Three laughs: King Kong Escapes

 
It is hard to rate some trashy films. Films can be really good entertainment in spite of the quality of the filmmaking. In fact, it might be even harder to create unique trash that keeps surprising you than most "quality" films with which you know what you are going to get. It certainly is an even better pleasure to watch them. My friend says that he knows a trash film is worth something if it gets three laughs out of me. I mean proper, good belly laughs when you just can't believe what the film is showing to you, scene after scene. That's as good a rating as any for these movies. Any film that has these three laughs has a special place in my heart.



Three laughs case #18:
King Kong Escapes (Kingu Kongu no gyakushĂ», 1967)
Director: Ishiro Honda

About time to talk about giant monsters in this column. One of my favorites of the genre comes from the deal of the Toho company to have King Kong fight Godzilla. They did an independent sequel/spin-off after that which sees Kong take on a Mecha-Kong, 7 years before Godzilla met his own robotic doppelganger. I think the idea was to have Kong fight against a giant Frankenstein's monster. Ol' Frankie did later get his own two Japanese kaiju movies, but without Kong, whose rights reverted back to Universal.

Nevertheless, this one is fun precisely because, even though Kong is a King, he tends to be a very vunerable character in his fights, even more so than Godzilla, which creates some more excitement. But here much of the fun is due to the grotesque ape costume they have on the main character with its droopy eyelids and sharp brown teeth. And wobbly way of moving.

The villainous doctor and builder of the giant ape robot is named Dr. Who, in a probably another copyright-infringement I seem to love so much. The robot, which has Kong's famed abilities, is used to drop bombs in a crack in the Antarctic in order to obtain some radioactive material. But the radioactivity makes the robot malfunction, and thus Who must scheme a group of scientists heading to Skull Island to grab King Kong to do his dirty work for him. But Kong does not like to be held captive...



Three laughs (Spoilers):

1. On Skull Island, things are same as always. When a really grumpy-looking dinosaur growls a bit at a woman, we get the first glimpse of the film's hero. Glassed-over eyes slowly opening, staggering around and revealing its rotten teeth, this Kong is a thing to behold. After a tender moment with the blonde, he soon gets into a drunken brawl with T-rex, though. The japanese have some extra flourish in their monster mashes, though, like when the dying T-rex starts foaming at the mouth.

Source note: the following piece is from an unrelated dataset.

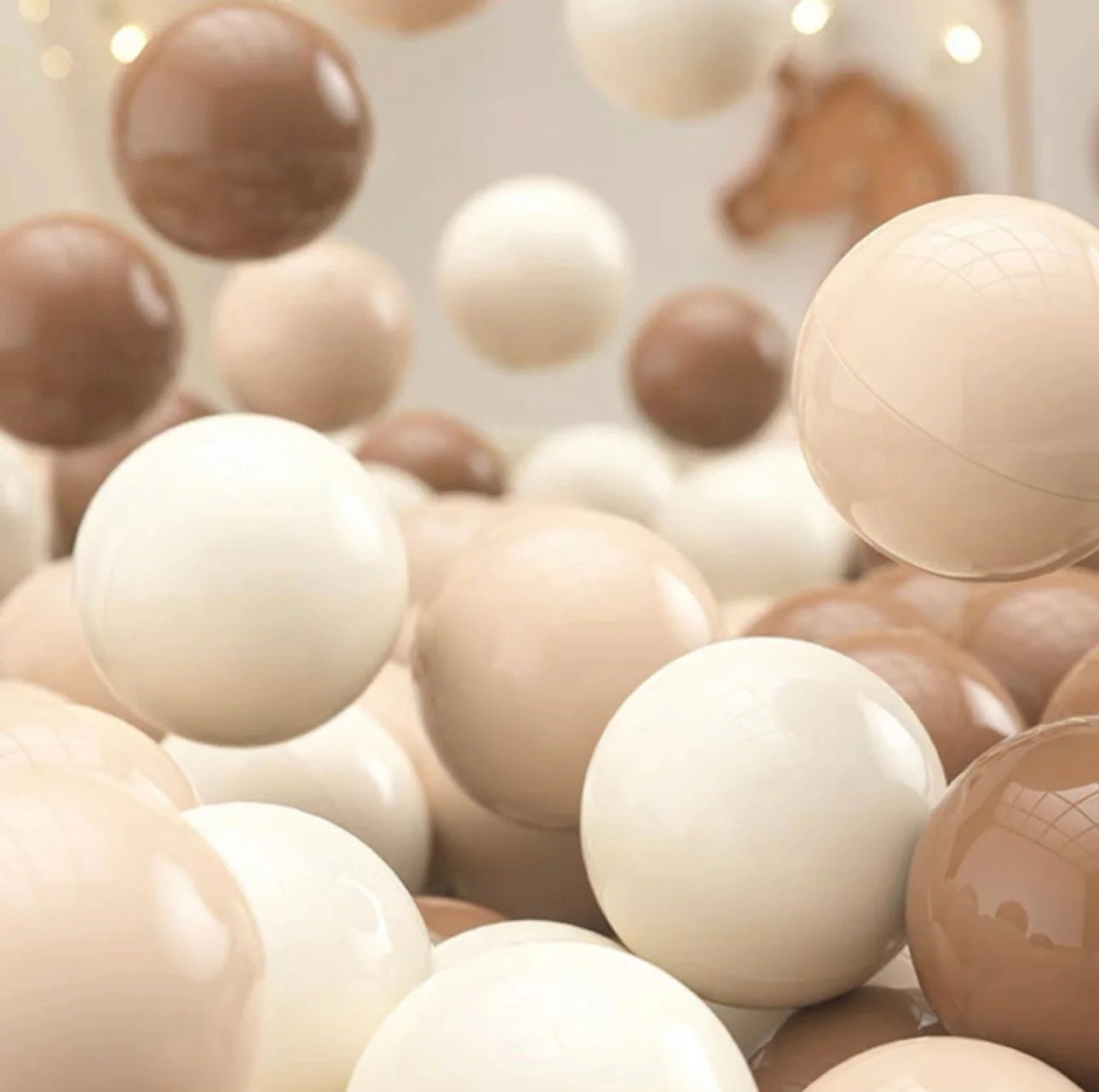 Tiny Land 200-piece BPA-free ocean ball pit balls in white, milk-tea and brown varied colors on neutral background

2. Later, helicopters arrive to dose Kong with sleeping gas, but it just makes it seem like ten beers and six vodka shots did the guy in as his eyes start drooping. And as with these kinds of cases, he has to be carried away from the bar, I mean, island. When he wakes up in a ship's hull he even seems appropriately hungover.

3. I takes a while, but we finally learn excatly what Dr. Who wants with Kong, and it's his world-famous digging skills, of course! One could have thought Kong wouyld be more famous climbing, though he gets to do that on the famed Tokyo Radio Tower late in the film, too. But long arms appear to be as useful as any machine when it comes to tunnel-digging. Swirling his arms away at the Earth's crust he still acts as mind-numbingly clumsy that he seems as drunk as ever. In-story, he's drifting in and out of sleep. A fun drinking game would be to take a drink every time the film shows a close-up of his golfball eyes. One would be as drunk as Kong in no time!